Retype word for word the lines of the data below, from the first to the one bearing "STXE 600 FIN SVCS EUR (PRICE) - Dagelijks", with that one included.

****

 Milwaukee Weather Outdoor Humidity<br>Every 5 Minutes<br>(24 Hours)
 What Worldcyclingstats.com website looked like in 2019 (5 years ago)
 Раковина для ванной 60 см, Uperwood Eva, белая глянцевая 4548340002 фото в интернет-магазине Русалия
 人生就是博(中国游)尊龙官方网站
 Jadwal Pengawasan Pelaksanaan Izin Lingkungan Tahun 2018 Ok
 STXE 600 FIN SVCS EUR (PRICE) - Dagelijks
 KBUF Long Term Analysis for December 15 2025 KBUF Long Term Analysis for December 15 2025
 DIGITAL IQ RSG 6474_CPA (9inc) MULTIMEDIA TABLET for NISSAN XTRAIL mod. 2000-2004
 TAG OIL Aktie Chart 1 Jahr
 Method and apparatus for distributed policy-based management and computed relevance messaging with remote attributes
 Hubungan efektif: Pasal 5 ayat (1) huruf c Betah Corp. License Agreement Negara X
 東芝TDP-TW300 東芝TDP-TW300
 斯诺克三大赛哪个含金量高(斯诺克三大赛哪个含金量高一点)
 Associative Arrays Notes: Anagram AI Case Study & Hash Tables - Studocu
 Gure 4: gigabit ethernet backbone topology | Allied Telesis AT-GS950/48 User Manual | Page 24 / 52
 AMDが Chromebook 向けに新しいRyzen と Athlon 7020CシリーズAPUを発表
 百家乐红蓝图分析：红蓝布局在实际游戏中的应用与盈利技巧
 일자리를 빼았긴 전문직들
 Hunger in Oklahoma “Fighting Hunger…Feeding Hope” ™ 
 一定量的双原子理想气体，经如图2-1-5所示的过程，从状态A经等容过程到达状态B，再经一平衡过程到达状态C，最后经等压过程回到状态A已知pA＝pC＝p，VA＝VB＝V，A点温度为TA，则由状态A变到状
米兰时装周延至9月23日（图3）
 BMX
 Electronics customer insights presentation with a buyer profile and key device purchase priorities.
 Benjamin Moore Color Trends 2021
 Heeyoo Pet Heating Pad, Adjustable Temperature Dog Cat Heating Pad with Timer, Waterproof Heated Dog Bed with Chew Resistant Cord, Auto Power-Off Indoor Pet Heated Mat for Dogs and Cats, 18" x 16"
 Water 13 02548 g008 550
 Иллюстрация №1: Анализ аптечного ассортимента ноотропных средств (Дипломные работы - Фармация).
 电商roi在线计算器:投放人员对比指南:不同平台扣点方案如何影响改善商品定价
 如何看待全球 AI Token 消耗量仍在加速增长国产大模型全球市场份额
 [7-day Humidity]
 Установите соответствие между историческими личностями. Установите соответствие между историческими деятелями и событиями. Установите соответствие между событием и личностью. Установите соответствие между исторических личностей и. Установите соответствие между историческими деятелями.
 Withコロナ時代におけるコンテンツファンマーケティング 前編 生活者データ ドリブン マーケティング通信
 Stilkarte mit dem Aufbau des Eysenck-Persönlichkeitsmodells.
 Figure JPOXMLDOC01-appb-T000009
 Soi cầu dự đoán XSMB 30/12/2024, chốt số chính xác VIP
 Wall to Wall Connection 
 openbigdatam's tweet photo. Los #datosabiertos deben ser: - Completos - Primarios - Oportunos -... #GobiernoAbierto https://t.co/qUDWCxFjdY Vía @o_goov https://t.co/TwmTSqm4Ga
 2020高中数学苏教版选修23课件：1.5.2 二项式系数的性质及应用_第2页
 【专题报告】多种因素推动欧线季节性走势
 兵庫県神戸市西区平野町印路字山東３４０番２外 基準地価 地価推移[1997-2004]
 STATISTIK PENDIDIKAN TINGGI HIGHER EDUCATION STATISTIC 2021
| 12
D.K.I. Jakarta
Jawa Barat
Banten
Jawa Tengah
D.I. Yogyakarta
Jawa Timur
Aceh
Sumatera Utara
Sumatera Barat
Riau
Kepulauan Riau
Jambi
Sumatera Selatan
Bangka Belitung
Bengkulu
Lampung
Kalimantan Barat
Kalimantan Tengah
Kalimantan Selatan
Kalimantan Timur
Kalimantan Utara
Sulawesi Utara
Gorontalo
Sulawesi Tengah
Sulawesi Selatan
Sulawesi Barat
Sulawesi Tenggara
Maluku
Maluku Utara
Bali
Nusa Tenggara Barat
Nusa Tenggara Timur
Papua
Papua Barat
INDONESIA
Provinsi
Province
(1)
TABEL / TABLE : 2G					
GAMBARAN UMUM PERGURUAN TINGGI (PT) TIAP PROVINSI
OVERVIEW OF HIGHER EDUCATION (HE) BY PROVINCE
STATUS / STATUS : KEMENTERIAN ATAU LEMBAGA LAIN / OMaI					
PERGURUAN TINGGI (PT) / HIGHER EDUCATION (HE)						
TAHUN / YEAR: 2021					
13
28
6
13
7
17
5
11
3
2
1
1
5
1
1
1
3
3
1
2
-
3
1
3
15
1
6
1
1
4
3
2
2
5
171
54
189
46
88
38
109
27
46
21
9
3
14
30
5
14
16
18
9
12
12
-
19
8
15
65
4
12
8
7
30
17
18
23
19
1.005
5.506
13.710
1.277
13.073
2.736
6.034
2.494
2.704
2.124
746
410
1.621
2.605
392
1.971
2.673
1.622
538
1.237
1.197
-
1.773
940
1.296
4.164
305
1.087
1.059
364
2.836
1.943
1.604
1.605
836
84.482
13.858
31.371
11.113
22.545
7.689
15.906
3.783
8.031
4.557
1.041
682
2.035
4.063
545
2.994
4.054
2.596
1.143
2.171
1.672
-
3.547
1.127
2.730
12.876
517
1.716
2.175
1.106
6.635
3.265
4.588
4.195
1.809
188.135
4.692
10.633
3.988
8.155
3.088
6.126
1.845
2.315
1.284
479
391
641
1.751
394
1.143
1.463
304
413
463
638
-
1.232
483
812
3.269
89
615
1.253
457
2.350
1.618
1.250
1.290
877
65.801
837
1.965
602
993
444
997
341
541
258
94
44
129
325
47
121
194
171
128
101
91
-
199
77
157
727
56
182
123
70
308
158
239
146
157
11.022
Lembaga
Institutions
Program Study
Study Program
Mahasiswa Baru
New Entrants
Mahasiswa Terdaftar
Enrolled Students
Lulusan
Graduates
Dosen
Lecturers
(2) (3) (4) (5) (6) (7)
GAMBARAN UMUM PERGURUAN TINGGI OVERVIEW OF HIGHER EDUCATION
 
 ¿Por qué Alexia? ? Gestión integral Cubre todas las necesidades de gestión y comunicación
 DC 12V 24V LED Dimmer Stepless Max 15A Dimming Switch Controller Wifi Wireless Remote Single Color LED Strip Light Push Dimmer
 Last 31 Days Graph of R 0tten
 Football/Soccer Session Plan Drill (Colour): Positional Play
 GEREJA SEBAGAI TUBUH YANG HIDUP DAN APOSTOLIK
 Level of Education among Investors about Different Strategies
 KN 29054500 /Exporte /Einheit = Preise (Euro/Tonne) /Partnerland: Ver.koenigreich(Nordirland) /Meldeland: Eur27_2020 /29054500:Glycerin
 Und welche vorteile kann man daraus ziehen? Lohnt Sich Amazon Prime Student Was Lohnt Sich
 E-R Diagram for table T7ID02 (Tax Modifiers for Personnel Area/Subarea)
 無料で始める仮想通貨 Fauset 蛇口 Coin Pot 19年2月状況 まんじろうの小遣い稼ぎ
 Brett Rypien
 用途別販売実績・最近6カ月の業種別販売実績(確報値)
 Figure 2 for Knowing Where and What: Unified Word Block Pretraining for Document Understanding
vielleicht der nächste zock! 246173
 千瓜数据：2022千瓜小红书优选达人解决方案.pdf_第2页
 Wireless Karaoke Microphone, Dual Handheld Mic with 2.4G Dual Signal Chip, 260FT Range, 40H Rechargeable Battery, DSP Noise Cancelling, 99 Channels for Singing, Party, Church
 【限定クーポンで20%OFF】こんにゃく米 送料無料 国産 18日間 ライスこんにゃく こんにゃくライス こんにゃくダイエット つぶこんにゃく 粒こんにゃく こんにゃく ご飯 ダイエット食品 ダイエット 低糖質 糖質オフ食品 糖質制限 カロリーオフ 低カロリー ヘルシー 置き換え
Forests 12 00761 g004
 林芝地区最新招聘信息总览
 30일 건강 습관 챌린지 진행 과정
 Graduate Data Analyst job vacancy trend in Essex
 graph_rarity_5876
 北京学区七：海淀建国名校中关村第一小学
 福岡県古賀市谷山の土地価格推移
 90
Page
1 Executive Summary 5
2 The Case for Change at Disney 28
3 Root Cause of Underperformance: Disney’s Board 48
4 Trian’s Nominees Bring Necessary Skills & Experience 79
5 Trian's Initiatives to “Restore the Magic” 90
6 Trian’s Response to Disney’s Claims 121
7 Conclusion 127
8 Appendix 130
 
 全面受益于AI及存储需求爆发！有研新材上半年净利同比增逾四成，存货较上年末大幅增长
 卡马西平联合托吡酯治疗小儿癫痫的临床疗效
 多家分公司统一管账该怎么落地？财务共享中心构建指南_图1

****

▸ **ANSWER FOR THIS EXERCISE**:
 Milwaukee Weather Outdoor Humidity<br>Every 5 Minutes<br>(24 Hours)
 What Worldcyclingstats.com website looked like in 2019 (5 years ago)
 Раковина для ванной 60 см, Uperwood Eva, белая глянцевая 4548340002 фото в интернет-магазине Русалия
 人生就是博(中国游)尊龙官方网站
 Jadwal Pengawasan Pelaksanaan Izin Lingkungan Tahun 2018 Ok
 STXE 600 FIN SVCS EUR (PRICE) - Dagelijks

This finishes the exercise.